■ Work task ■
In the listing, locate the line containing "FORMULE 1 7", then quote it and all following lines exactly. Omit pictures.

■ Given information ■
BEGIN
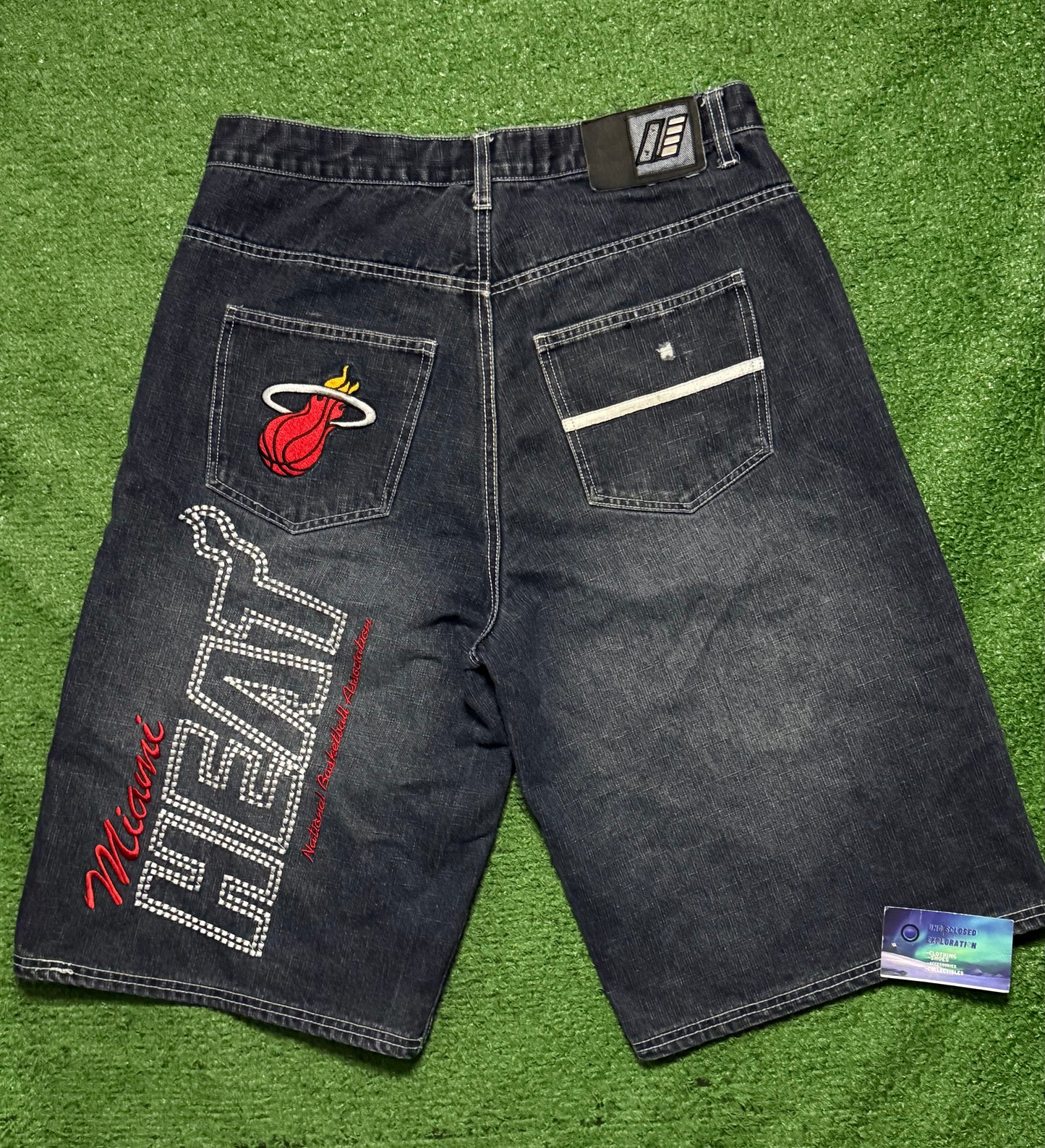 Vintage Miami Heat NBA Jorts UNK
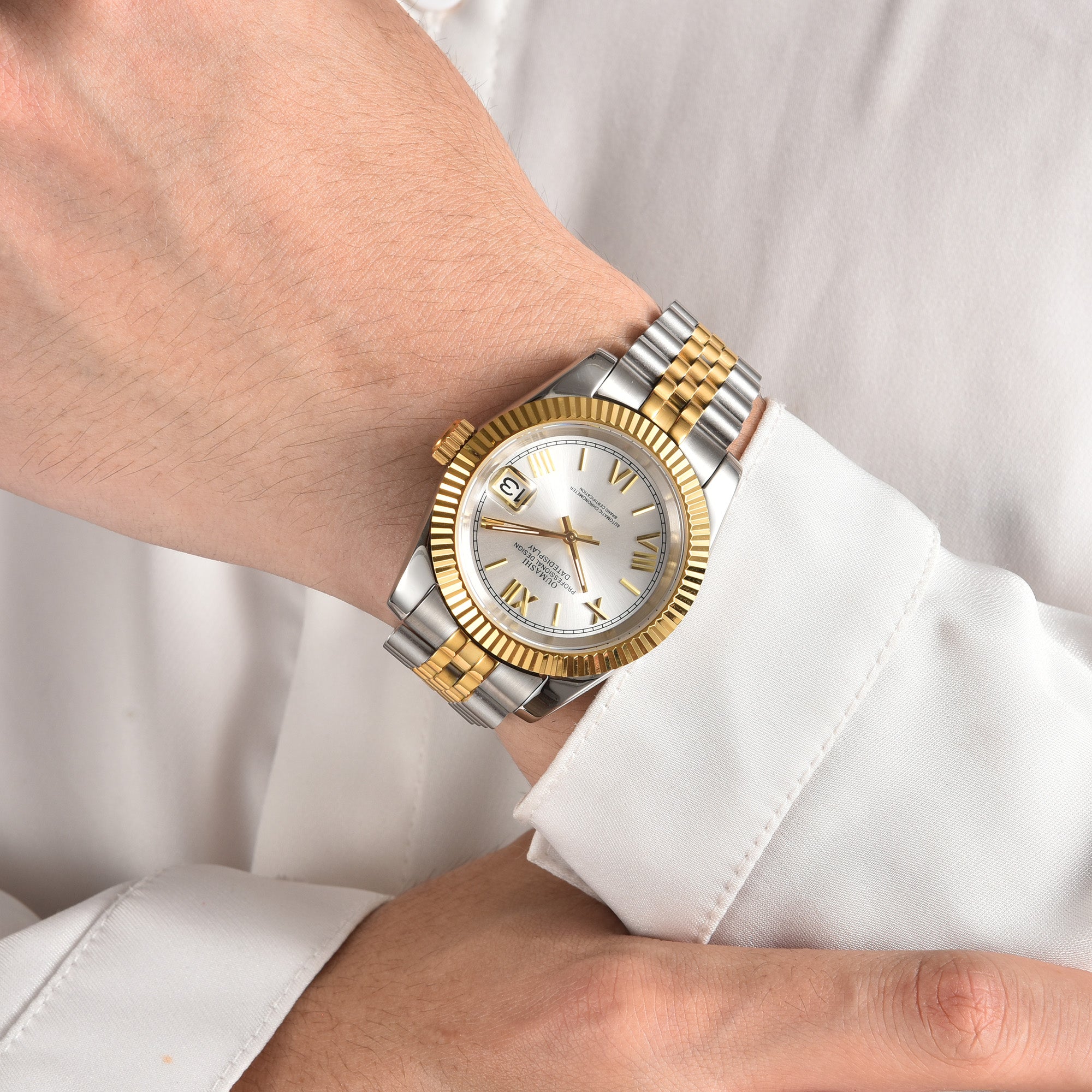 DATEJUST Silver-Gold Roman Silvery
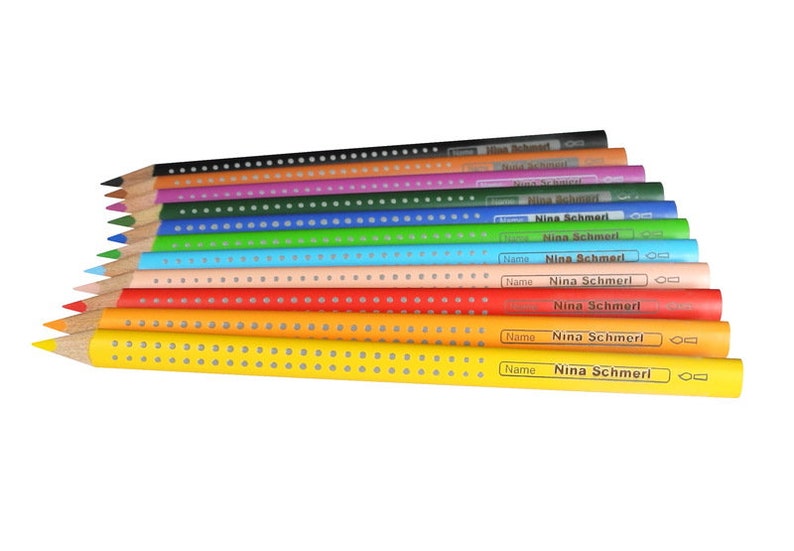 Faber-Castell, 12 Jumbo-Grip-Stifte mit Namen image 1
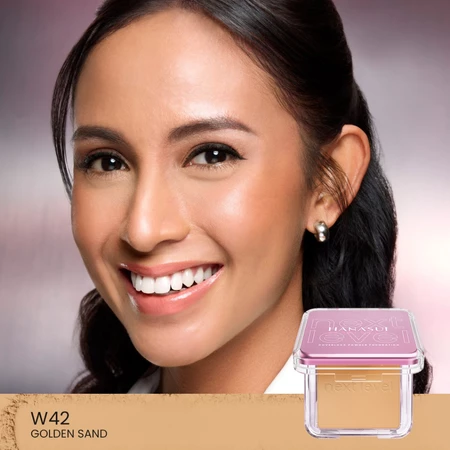 Hanasui Next Level Powder Foundation W42 Golden Sand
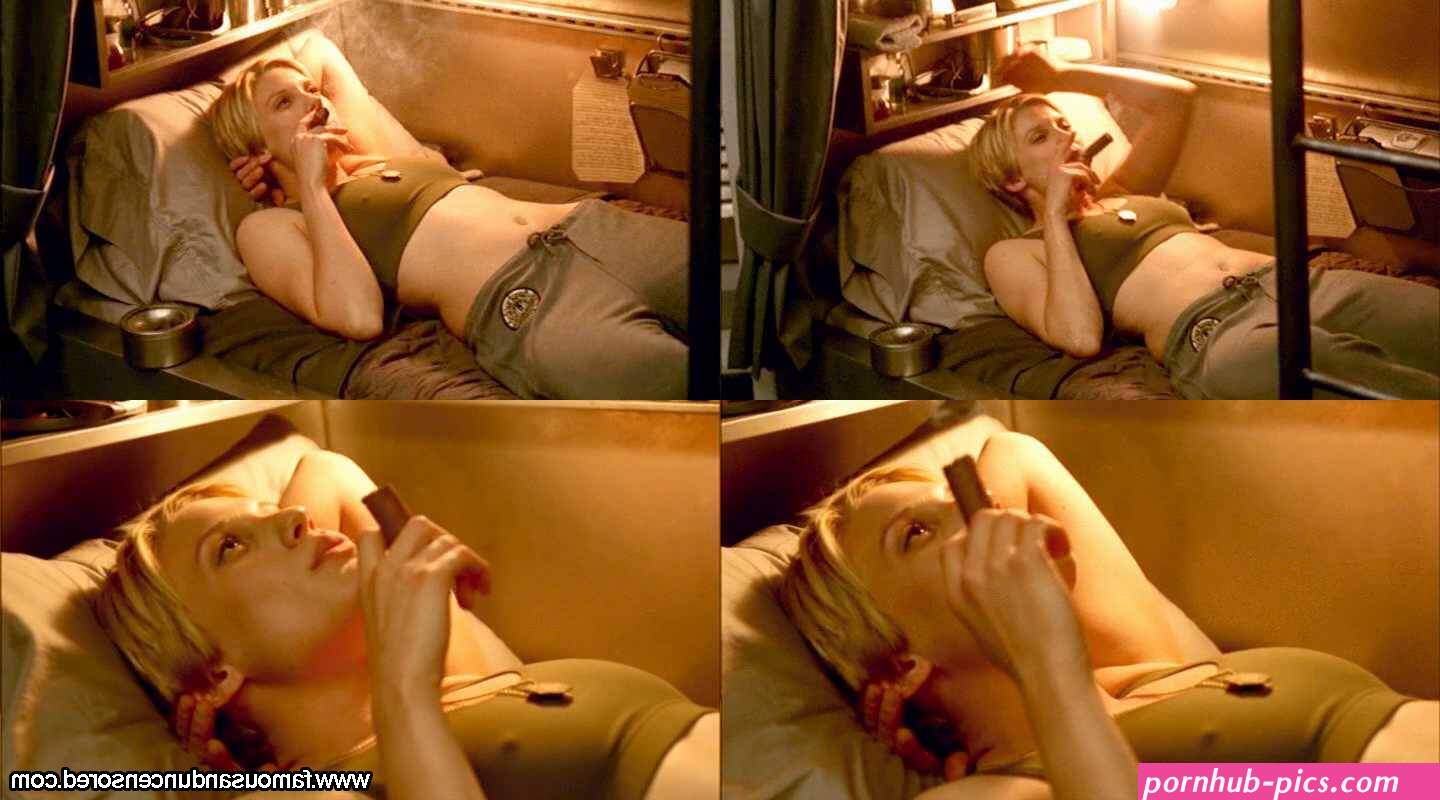 Naked Katee Sackhoff in Battlestar Galactica: The Plan ANCENSORED
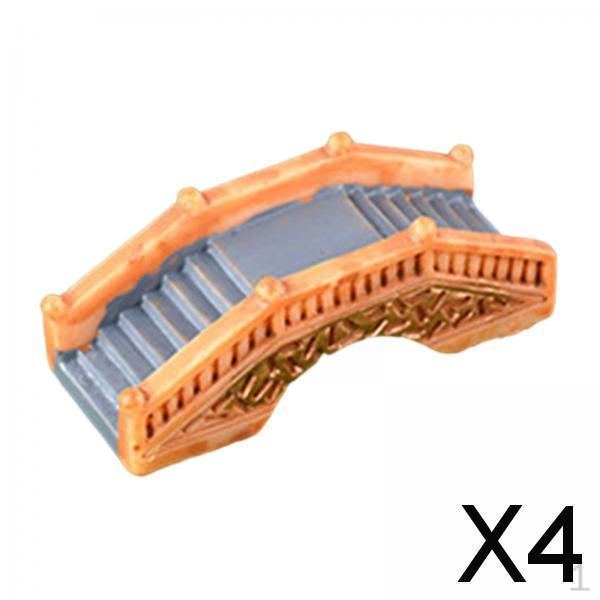 

2xMiniature Bridge Miniature Garden Artificial Statue Pond Ornament Mini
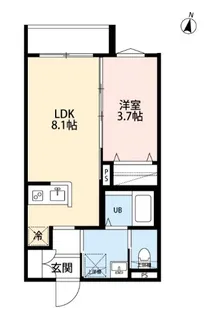 yui terraceII【2階】の間取り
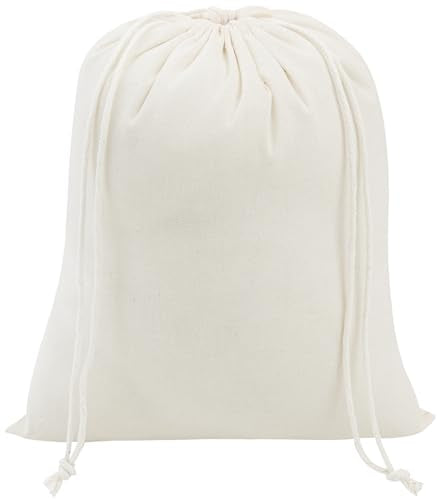 PALTERWEAR 100% Cotton Drawstring Bags 10‑Pack 7x9 Lightweight 70 GSM Muslin Pouch Set | Reusable Gift, Craft, Pantry, Travel Storage | Double Drawstring (Natural Beige, 7 x 9 Inches) - size: 7 x 9 Inches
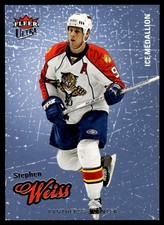 2008-09 FLEER ULTRA ICE MEDAILLION Stephen Weiss /100 Florida Panthers #30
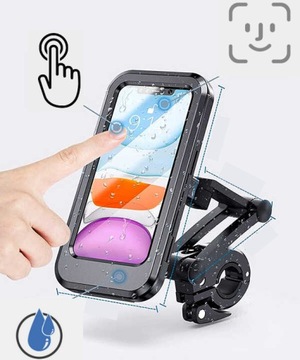 UCHWYT ROWEROWY NA TELEFON STABILNY WODOSZCZELNY Moc na Telefon do Roweru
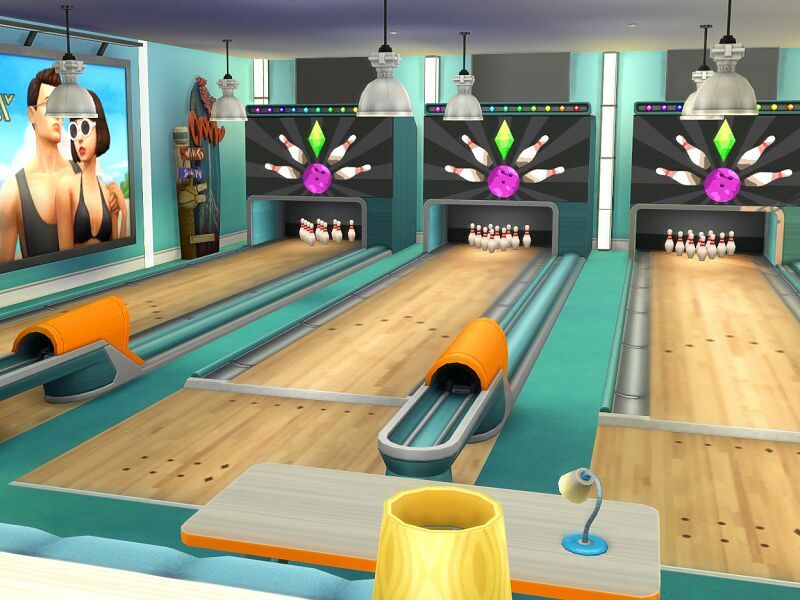 sims 4 cc bowling diner no cc by flubs79 4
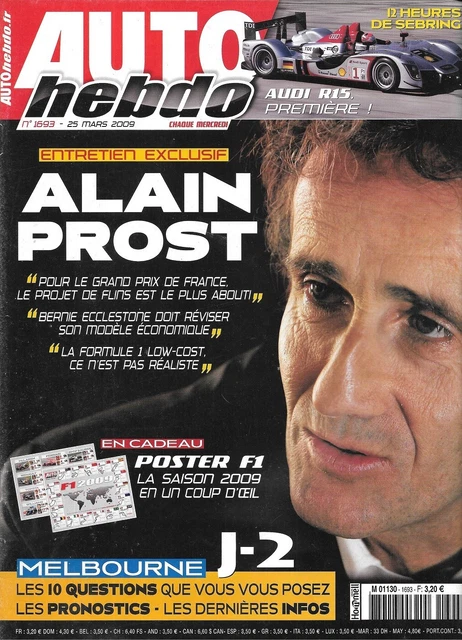 FORMULE 1 7 L EQUIPE MAGAZINE ALAIN PROST 1984 A 1993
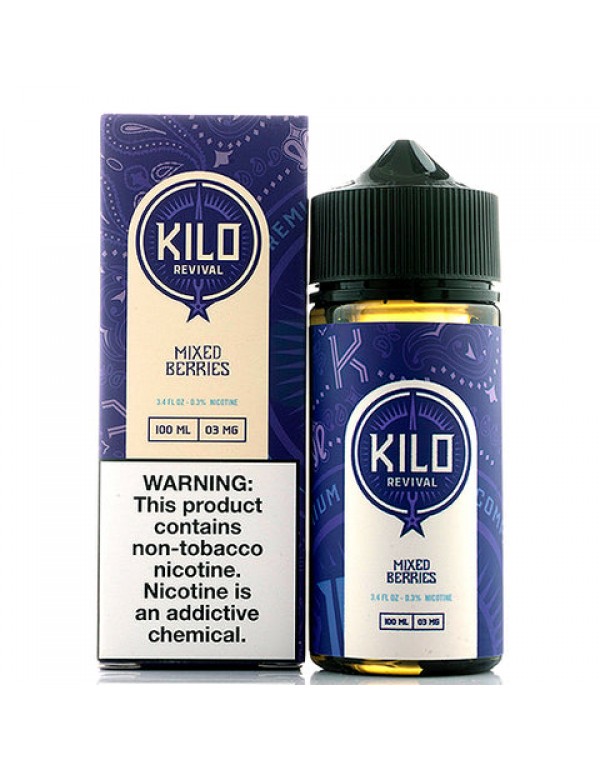 Mixed Berries - Kilo E-Juice (100 ml)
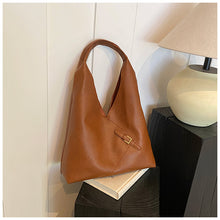 Load image into Gallery viewer, Solid color soft leather underarm bag
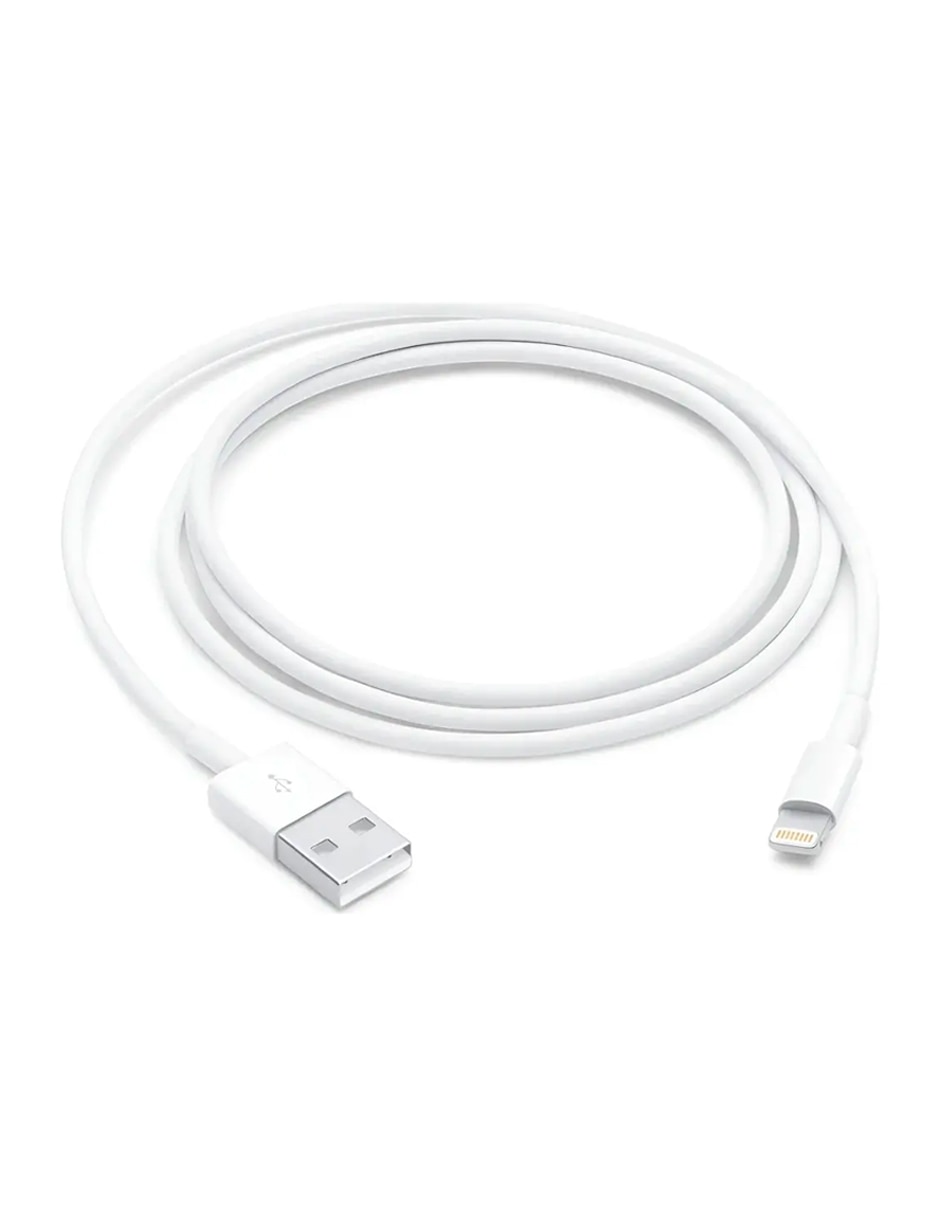Cable lighting lightning a tipo usb a de 1 m 2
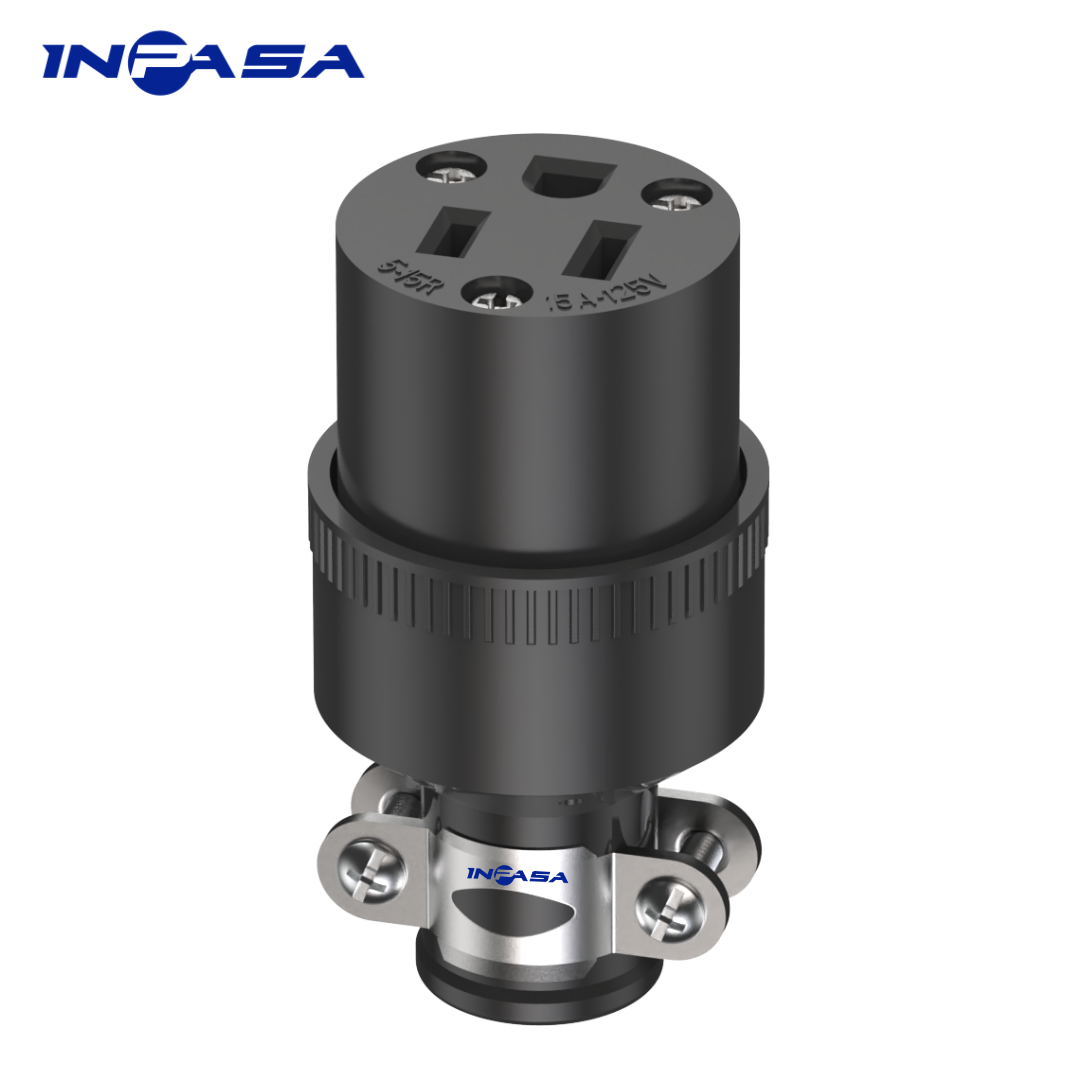 Conector Hembra Termoplástico, 15A NEMA 5-15R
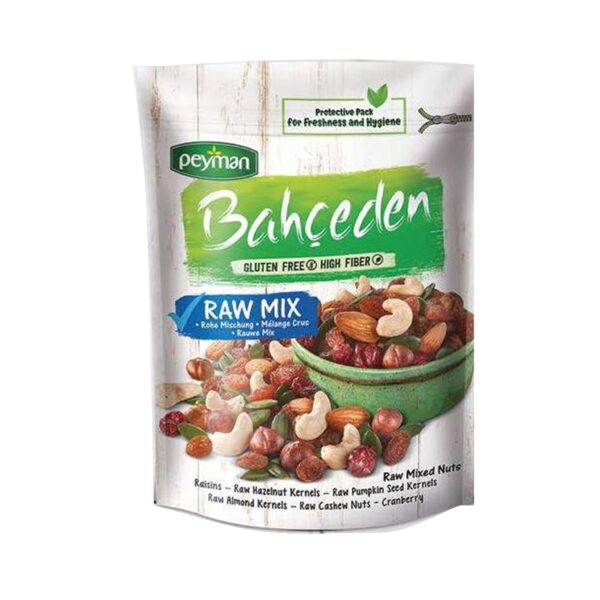 Peyman Bahceden  Raw Mix Nuts 150gr X 12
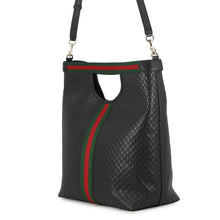 将图像加载到图库查看器中，GUCCI Ophidia Gillio Large Tote Bag Black/Green/Red865452 GGEmbossed Leather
END
■ Solution ■
 FORMULE 1 7 L EQUIPE MAGAZINE ALAIN PROST 1984 A 1993
 Mixed Berries - Kilo E-Juice (100 ml)
 Load image into Gallery viewer, Solid color soft leather underarm bag
Cable lighting lightning a tipo usb a de 1 m 2
 Conector Hembra Termoplástico, 15A NEMA 5-15R
 Peyman Bahceden  Raw Mix Nuts 150gr X 12
 将图像加载到图库查看器中，GUCCI Ophidia Gillio Large Tote Bag Black/Green/Red865452 GGEmbossed Leather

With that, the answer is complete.